The F-35 stealth, whose entire fleet was grounded in the United States last week because of an engine fire, will not appear as planned on the airshow's first day but may still take part at the end of the week, organisers said.
The key biennial event in the aviation sector calendar held south-west of London will see European planemaker Airbus and its US rival Boeing look to build on robust sales of passenger planes.
Industry experts said Airbus could very likely use the event to launch an upgrade of its long-haul A330 jet - the A330neo - boasting more fuel-efficient engines.
On the eve of Farnborough, Boeing said it could in the future launch a new version of its 737 MAX single-aisle jet that would carry more seats.
Meanwhile a briefing update on the F-35, set to become the backbone of the air defences of several Western countries, is scheduled to take place in Farnborough on Monday.
"Unfortunately the F-35B Lightning II will not be displaying at the Farnborough International Airshow" on the opening day, the organisers said in a statement.
"The aircraft is still awaiting US DoD (Department of Defence) clearance but we are hopeful that it will fly at the airshow by the end of the week."
Both the US Air Force and Navy last week ordered a halt to all F-35 flights following a June 23 engine fire on one of the planes, which at $4US00 billion is the most expensive weapons project in US history.
Analysts said Farnborough could see a slowdown in orders compared with previous record years, even though the industry is far from threatened.
Boeing last week forecast that global passenger numbers would grow by five per cent annually over the next 20 years.
In the absence of truly new technologies or revolutionary materials - such as light-weight carbon composites used in new fuel-efficient planes - the launch of a brand new passenger jet is not envisaged before five to seven years.
This has left Airbus and Boeing to modernise current models, which they are doing with their respective medium-haul A320 and 737 planes.
Brazil's Embraer has meanwhile launched the E2, a new version of its regional E-jets series, which could see new orders this week.
Mike Arcamone, president of commercial planes at Canadian manufacturer Bombardier, told AFP that its CSeries single-aisle jet remained on course to enter service next year despite a suspension to test flights caused by engine problems.
Regarding modernisation of long-haul planes, Boeing launched in November the 777X, a new version of its jumbo that seats between 350 and 450 passengers.
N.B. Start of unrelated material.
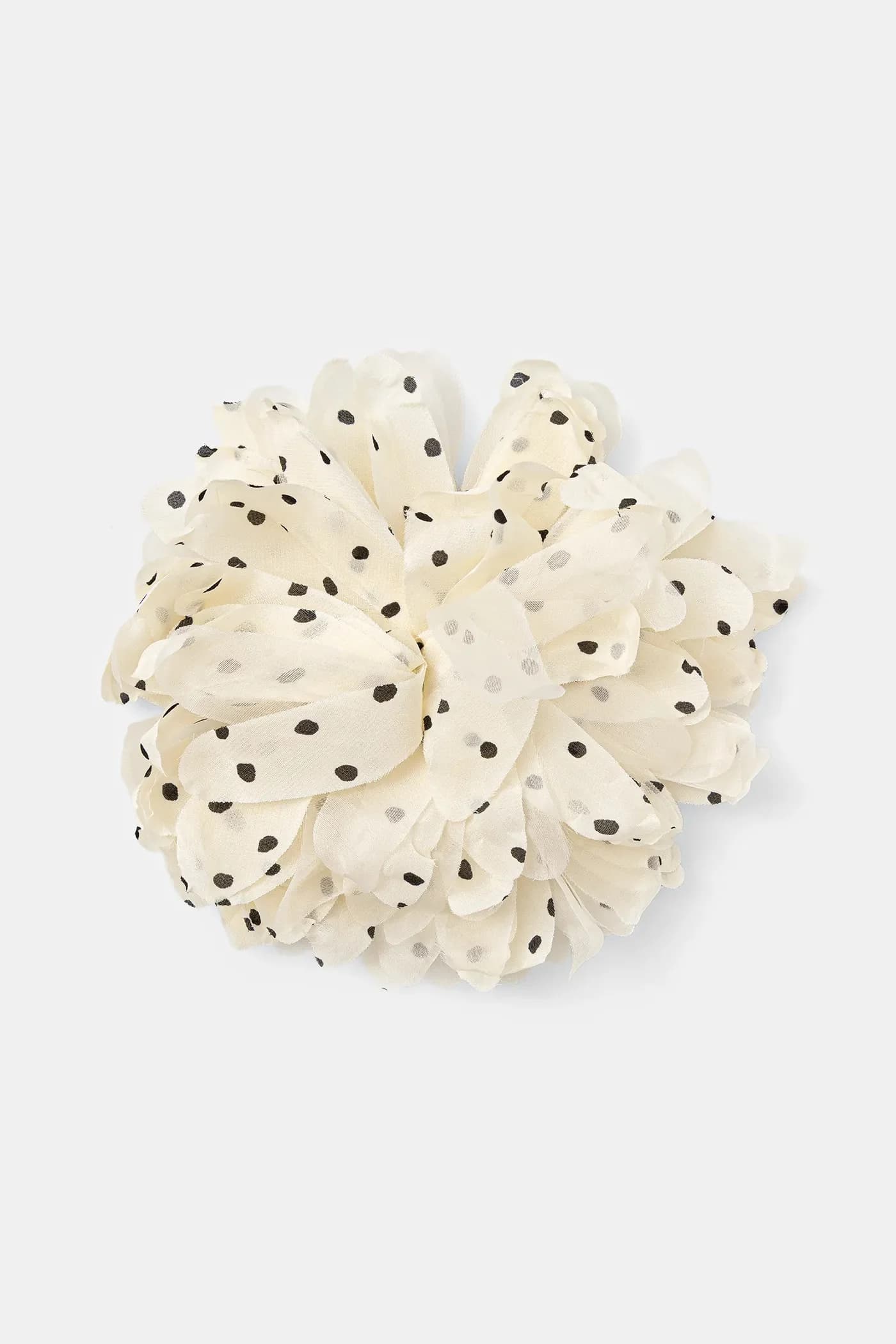 Брошь с шелком Нерето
Sector watchers are now looking to see if Airbus will proceed with the A330neo.
The head of Boeing's commercial planes division brushed aside the latest competition from Airbus.
"We believe we have the most efficient aeroplane," Boeing Commercial Aeroplanes chief executive Ray Conner told journalists.
Boeing last week said Dubai's Emirates Airline had finalised an order for 150 Boeing 777 planes valued at $56 billion at list prices.
Elsewhere, Britain's government has barred a Russian delegation from attending the Farnborough air show because of the Ukraine crisis, sparking an angry reaction from Russia.
Russia usually sends a sizeable contingent as it seeks foreign sales, notably of its Sukhoi jets.